AKS in a Security Conscious Enterprise

Containers and in particular Kubernetes popularity has been going from strength to strength of late. Azure Kubernetes Service (AKS) is the blue PaaS-like offering of this where the vendor manages the masters and you just need to maintain the agent nodes, better still you only pay for the compute.

But like all things PaaS, while it was convenient at first having things just sitting on the internet so you can quickly adopt and consume them, that’s not exactly palatable to security architects, often found at the larger organisations. And it’s to Microsofts credit that they’ve really upped their game of late with ways to let you control connectivity to those lovely PaaS offerings, the ones we as cloud advocates try so hard to get our customers to adopt vs. costly and old school IaaS. Two of the technologies jtwo have been helping deploy of late are:

Service Endpoints: This is where the PaaS infrastructure still has a public IP, but you can restrict access to a VNet/Subnet(s). This only works with Azure originating traffic (you can exempt your on-prem PIP) but uses the Azure backbone network so it provides improved performance and at least stops people on the internet confirming if you really did set the security on that blob correctly.
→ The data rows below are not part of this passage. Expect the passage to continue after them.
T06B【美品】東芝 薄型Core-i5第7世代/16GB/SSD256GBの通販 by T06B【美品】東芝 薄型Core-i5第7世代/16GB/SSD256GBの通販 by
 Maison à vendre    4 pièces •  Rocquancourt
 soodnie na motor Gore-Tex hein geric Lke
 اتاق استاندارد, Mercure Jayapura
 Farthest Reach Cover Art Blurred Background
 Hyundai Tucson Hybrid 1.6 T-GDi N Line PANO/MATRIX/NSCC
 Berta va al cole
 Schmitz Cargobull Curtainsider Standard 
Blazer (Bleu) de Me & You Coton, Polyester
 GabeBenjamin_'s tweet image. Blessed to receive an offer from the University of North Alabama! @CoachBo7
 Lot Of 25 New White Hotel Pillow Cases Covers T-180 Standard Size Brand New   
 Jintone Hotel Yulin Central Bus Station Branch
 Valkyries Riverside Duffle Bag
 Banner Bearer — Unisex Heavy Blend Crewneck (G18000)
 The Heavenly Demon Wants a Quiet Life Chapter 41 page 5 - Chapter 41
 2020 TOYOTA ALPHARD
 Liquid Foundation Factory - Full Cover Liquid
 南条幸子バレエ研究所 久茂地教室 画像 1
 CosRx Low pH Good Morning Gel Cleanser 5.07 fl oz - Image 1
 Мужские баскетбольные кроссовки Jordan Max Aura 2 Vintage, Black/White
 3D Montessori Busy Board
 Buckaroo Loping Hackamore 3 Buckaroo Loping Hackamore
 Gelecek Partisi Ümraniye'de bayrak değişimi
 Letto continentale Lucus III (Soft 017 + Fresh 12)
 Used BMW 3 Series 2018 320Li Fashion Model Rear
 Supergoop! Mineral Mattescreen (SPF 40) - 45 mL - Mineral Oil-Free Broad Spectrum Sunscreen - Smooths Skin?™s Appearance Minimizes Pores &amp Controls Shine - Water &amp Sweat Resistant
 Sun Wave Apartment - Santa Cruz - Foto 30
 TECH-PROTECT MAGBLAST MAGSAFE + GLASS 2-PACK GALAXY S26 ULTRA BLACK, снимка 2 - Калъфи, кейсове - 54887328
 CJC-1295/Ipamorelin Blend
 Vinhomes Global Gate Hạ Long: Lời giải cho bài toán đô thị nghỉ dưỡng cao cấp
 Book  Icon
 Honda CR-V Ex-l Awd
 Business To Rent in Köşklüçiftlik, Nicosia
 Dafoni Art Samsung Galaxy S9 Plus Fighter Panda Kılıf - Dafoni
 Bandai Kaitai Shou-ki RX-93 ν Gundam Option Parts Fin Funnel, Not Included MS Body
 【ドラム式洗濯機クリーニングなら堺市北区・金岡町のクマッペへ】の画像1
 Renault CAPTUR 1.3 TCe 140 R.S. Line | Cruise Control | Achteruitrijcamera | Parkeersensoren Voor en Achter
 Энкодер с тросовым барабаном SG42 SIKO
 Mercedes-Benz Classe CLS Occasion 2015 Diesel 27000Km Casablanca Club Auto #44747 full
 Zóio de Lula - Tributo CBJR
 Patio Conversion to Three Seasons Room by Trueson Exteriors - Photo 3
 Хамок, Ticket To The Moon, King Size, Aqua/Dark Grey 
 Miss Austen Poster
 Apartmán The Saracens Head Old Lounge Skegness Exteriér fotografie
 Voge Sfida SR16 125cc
Private Endpoints: This is where the security team normally stop saying no, and smile when you mention RFC1918. It lets you create an endpoint in your subnet with a private IP address, and that is the target to direct traffic, so ensuring it’s all internal. Of course, to do this you’ll need Private DNS and there is a cost associated, but who said being secure was going to be free!

Anyways, back to AKS. Microsoft has now made it possible to deploy a Private AKS cluster…well I say now, it was a little while back, but when we actually tried to do it in anger we hit lots of bugs…you know, that preview experience, aka beta. Now it works!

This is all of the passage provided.